Когда служение закончилось, я подождал в конце зала, чтобы посмотреть, говорит ли кто-нибудь на языках, которыми я владею. Должно быть, было видно, что я иностранец, потому что я услышал приветствие на английском: "Добро пожаловать".

Я повернулся и увидел пастора. "Вы не сможете подождать немного?" спросил он меня. - "Мне бы хотелось поговорить с вами".

Я с радостью подождал его.

После того как почти все ушли, пастор и несколько молодых людей с готовностью отвечали на мои вопросы. Да, они исповедовали свою веру открыто и в условиях значительной свободы, пока соглашались с политикой партии. Да, членами их церкви могли быть коммунисты. Что ж, этот режим так много сделал для народа, что на некоторые вещи приходится просто закрывать глаза. "Да, это компромисс, - сказал пастор, пожав плечами, - но что делать?"
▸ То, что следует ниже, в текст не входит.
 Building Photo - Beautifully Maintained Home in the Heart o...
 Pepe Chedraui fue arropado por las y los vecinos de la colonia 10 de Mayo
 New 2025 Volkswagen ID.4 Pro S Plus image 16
"В какую церковь вы ходите дома?" - спросил один из молодых людей на отличном английском.

"В баптистскую".

"А не хотите сходить на богослужение в баптистскую церковь?"

"Очень хочу".

Он вытащил бумагу и карандаш и написал адрес. "Сегодня вечером там будет служение", - добавил он.

В тот же вечер, узнав от других членов голландской делегации, какими скучными были бесконечные речи, я опять сел в такси, но на этот раз вооруженный конкретным адресом.
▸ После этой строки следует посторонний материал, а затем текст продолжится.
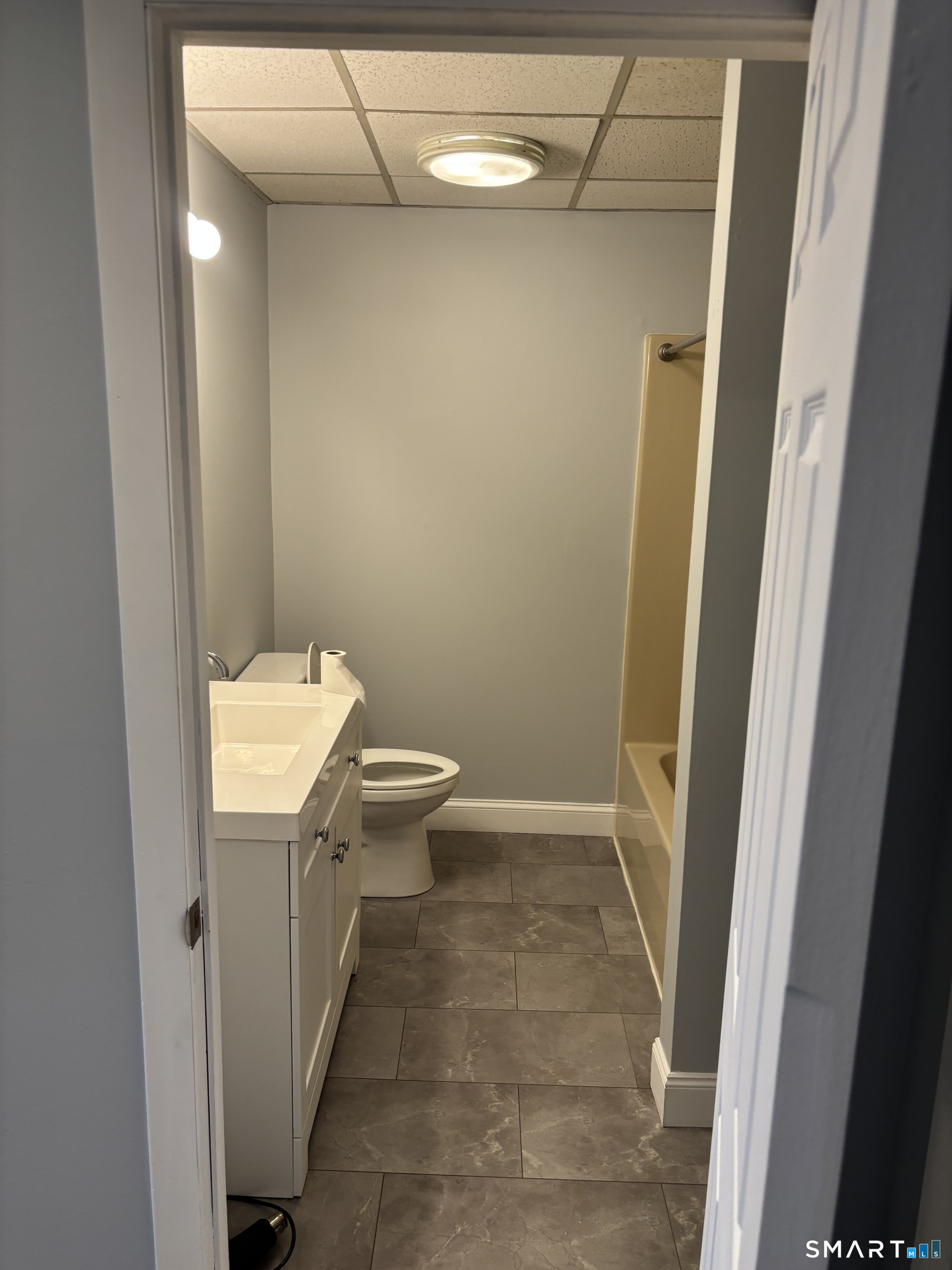 25 Maiden Lane, Unit 7 Torrington, CT 06790 - Photo 5 of 11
Когда я приехал, богослужение было в самом разгаре. Народу там оказалось меньше. Люди были не так хорошо одеты, и среди прихожан почти не было подростков. Но произошло нечто интересное. Пастору сообщили, что в приходе появился иностранец, и меня тут же попросили подняться на кафедру и выступить перед собравшимися людьми. Я изумился. Неужели у них с этим так свободно?

"Есть кто-нибудь, кто говорит по-немецки или по-английски?" - спросил я, не осознавая, что нашел способ, которым буду часто пользоваться в будущем. Оказалось, что в приходе есть женщина, говорящая по-немецки. С ее помощью я прочитал свою первую проповедь за Железным занавесом. Она была коротенькой, и смысл ее был очевиден: вот я, христианин с другой стороны Железного занавеса, стою и проповедую Евангелие в коммунистической стране.

В конце моего маленького обращения пастор сказал самую интересную вещь. "Мы хотим поблагодарить вас, - сказал он, - за то, что вы здесь. Даже если бы вы не сказали ни слова, просто видеть вас означает для нас очень много. Иногда нам кажется, что в нашей борьбе мы совершенно одиноки".

В ту ночь, лежа на своей койке в кабинете математики, я думал о том, насколько разными были эти две церкви. Одна явно проводила политику сотрудничества с правительством, она привлекала к себе большое количество народа, в том числе молодежь. Другая, как я чувствовал, шла дорогой одиночества. Когда я спросил, есть ли у них в приходе члены коммунистической партии, они ответили: "Если и есть, мы не знаем об этом". Мне приходилось учиться так быстро и так многому, что трудно было все это усвоить.